Published in Politics in Minnesota. The article will be posted after the cut or you can find it here in a few weeks. [You can subscribe to the Weekly Report and get the article right away as well as good, insider coverage of the Minnesota political landscape.]
Advancing Public Policy As Minnesota Ages
Ecumen, the senior services and housing nonprofit, has established space on the group's Website designed to function as a clearinghouse for social and political news related to senior living and long-term care. It's called Changing Aging and it aggregates fascinating pieces from around the Web along with maintaining a blogroll dedicated to issues of advocacy and innovation for those over 50. This week, the site noted a Pioneer Presspiece-"Long-looming age crisis has arrived"-that describes the sharp drop in labor force and productivity, as well as increase in healthcare costs, that will result from boomers aging-what Ecumen and others call the "Age Wave."
The good news is that Minnesota has innovative plans for advancing public policy related to long term care. First, a local journalist has been given a unique opportunity to raise awareness and cover all sides of the issue.
The Pioneer Press piece was written by Jeremy Olson, one in a series that he is penning as part of a health media fellowship funded by the Kaiser Family Foundation. It includes quotes from a wide range of Minnesota public servants, with former GovernorAl Quie, former U.S. Sen. Dave Durenberger, Rep. Paul Thissen (DFL-St. Paul), and Rep. Laura Brod (R-New Prague) all expressing concern on the issue. Thissen and Brod had previously co-written a Strib commentary, which can be found on Thissen's blog. Olson's mission is "an exploration of the long-term care crisis and the social, financial and political solutions" in Minnesota. In another article about new technologies in senior home care, Olson notes that within twenty years, the cost of caring for seniors in Minnesota will triple to $4B (we're already spending $1.5B, third most in the nation). Olson told PIM that he was excited to examine all the pressure points that will shape public policy going forward-from economic and demographic studies, to public health and safety and family dynamics. We look forward to seeing more.
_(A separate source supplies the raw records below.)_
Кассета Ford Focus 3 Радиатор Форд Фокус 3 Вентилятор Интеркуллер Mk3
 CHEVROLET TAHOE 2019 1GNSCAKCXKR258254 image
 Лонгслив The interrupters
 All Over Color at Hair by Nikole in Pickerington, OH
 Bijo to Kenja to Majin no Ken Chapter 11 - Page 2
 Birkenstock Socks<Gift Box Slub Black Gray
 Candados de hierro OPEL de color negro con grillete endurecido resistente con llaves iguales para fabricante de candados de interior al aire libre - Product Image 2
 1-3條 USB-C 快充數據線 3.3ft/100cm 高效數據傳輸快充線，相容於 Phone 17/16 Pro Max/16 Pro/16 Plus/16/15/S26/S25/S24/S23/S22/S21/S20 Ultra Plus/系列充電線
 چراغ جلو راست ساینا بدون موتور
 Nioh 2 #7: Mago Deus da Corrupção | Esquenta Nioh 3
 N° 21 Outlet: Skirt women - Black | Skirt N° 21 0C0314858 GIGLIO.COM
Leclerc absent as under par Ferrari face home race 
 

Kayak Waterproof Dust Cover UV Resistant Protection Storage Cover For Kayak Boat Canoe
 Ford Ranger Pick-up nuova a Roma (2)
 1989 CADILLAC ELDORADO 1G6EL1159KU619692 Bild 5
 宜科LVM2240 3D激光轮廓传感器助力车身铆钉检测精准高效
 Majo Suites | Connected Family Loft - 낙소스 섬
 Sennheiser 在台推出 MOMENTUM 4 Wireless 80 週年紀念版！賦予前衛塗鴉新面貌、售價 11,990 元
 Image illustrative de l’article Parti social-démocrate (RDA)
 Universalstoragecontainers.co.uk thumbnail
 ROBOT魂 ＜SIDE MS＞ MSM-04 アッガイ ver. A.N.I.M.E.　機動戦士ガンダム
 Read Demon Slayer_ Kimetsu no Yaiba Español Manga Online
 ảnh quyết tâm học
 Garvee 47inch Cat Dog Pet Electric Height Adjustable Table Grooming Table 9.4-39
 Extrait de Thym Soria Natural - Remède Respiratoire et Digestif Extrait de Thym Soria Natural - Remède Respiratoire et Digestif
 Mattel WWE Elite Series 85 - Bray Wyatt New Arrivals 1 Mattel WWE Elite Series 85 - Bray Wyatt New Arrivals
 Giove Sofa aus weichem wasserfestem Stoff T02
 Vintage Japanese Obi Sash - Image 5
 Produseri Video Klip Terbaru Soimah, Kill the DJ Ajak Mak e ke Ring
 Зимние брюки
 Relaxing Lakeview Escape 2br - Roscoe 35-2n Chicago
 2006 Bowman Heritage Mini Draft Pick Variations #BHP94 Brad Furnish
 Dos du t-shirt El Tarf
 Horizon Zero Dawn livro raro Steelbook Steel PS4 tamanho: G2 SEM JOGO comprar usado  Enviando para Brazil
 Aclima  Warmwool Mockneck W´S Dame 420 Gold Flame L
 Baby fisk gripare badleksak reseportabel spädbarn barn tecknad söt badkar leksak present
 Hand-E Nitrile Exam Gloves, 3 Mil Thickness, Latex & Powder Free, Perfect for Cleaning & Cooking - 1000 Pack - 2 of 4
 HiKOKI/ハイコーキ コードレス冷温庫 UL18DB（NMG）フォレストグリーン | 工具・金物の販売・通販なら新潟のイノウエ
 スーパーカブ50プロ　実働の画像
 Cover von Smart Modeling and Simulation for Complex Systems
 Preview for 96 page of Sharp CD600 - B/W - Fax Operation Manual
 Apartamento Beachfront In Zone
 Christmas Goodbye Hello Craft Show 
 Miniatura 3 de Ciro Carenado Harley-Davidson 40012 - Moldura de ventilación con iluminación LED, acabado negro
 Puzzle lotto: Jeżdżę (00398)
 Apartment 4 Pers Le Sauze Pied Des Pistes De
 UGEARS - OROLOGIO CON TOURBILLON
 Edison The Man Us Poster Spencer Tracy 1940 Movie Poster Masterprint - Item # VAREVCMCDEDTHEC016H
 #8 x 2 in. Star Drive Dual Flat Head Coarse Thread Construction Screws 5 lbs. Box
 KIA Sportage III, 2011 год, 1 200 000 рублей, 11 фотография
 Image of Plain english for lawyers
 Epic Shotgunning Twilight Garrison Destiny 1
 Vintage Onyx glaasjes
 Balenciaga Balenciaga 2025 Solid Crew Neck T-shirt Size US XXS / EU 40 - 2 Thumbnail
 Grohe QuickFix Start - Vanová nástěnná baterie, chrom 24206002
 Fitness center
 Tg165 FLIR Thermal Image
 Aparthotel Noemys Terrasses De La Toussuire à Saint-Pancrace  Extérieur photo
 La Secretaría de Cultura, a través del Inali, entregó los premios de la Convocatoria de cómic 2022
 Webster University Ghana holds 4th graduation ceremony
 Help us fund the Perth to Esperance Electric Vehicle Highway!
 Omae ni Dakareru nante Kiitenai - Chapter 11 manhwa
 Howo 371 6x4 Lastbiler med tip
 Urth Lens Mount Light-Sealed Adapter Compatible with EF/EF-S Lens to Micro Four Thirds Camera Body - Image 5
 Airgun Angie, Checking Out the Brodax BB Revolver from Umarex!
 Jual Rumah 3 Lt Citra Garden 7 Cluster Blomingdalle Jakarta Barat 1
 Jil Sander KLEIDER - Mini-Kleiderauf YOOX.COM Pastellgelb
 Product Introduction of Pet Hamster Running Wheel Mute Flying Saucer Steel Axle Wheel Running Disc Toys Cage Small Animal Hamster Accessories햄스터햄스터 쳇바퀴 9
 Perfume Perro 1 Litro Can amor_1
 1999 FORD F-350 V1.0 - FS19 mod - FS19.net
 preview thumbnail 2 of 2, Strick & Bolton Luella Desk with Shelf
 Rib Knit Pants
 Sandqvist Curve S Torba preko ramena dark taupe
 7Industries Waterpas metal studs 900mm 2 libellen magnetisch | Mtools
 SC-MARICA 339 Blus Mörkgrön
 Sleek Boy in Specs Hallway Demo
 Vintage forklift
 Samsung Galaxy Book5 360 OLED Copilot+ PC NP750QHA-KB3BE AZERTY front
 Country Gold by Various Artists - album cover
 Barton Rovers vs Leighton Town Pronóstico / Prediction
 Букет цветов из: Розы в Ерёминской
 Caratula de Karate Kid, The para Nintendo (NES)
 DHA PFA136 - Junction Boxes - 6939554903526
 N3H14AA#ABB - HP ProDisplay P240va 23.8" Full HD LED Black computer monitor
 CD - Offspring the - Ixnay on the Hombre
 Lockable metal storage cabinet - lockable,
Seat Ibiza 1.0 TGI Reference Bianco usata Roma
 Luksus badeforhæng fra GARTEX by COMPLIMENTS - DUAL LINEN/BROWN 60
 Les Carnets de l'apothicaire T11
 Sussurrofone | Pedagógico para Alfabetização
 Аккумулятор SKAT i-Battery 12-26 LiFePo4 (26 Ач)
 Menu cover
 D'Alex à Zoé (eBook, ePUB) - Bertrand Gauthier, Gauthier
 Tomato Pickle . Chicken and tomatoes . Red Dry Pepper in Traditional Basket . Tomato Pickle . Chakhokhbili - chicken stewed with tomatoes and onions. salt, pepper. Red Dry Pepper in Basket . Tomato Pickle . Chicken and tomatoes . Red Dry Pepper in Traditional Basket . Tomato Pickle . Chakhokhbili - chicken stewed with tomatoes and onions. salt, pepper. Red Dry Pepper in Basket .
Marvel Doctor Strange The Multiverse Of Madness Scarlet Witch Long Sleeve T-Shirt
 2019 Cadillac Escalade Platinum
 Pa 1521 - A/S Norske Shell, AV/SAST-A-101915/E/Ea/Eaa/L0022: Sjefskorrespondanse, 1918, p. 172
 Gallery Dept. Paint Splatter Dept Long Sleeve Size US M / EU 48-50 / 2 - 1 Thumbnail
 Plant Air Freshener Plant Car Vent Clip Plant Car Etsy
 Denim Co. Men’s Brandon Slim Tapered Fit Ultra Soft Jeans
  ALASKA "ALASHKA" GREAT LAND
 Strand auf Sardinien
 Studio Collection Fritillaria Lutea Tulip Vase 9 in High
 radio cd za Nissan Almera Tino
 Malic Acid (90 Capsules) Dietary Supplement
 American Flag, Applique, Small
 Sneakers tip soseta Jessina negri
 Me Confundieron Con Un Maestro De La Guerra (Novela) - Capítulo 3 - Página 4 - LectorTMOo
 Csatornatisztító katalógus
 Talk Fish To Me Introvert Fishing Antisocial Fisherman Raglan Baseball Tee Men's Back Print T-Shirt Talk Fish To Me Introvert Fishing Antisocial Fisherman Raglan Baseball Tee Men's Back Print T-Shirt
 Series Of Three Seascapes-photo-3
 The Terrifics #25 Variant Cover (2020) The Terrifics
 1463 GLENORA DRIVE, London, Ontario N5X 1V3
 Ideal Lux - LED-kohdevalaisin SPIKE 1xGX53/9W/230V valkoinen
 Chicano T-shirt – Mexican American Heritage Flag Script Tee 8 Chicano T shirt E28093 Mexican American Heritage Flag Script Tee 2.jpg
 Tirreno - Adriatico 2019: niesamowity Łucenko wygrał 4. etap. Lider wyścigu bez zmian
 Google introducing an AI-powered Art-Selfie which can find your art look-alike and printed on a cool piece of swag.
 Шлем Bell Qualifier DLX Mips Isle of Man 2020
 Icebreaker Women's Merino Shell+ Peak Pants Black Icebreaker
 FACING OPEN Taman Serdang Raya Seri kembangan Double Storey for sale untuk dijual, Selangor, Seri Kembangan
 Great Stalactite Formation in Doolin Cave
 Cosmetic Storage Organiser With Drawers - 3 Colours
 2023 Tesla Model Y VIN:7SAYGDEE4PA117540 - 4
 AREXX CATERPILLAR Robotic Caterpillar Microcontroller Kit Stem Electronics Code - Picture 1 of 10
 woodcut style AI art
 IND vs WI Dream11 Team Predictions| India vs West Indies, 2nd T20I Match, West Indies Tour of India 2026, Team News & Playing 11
There's also positive energy on Age Wave policy in the Minnesota Legislature. We asked Rep. Thissen, who chairs the Health and Human Services Committee, if he has any specific legislative goals related to this issue.
His enthusiastic answers indicated the importance in which care for the aging is placed in this influential committee. Despite the materializing crisis, Thissen is markedly optimistic about the projects lined up. "It's a really exciting time," he said. In the upcoming session, he expects to be "fighting the budget," but was confident that important measures could still be passed.
Thissen characterized the long-term care debate in Minnesota currently as a partisan issue, often boiling down to yea-or-nay nursing home funding votes. What he wants to see is the transfer of the issue to a more holistic, long-term issue of health and society. First, saving for retirement is a huge issue; Thissen would like to see a 529-style tax-advantaged retirement savings plan in Minnesota, as has been established in Nebraska. Encouraging Minnesotans to set aside funds for disabilities and health care is understood to be a major goal.
Other goals in the Legislature include continuing the legacy of the Community Consortium Bill, to extend the flexibility of local communities in allocating and distributing health care money. Thissen sees individual freedom with care dollars as an important component of allowing Minnesota seniors to age with dignity and independence.
Thissen thinks that the economic realities of the Age Wave be the catalyst for change, politically. But he stressed that it's critical to change public perception, to encourage everybody to see themselves and their parents or grandparents in such a way as to personalize the issue. He mentioned the idea of convening a summit, with citizen dialogue and bipartisan Legislative support, to address upcoming issues in aging. When Minnesotans have an investment in seeing themselves and their loved ones cared for, Thissen said, "that's how we start to make change."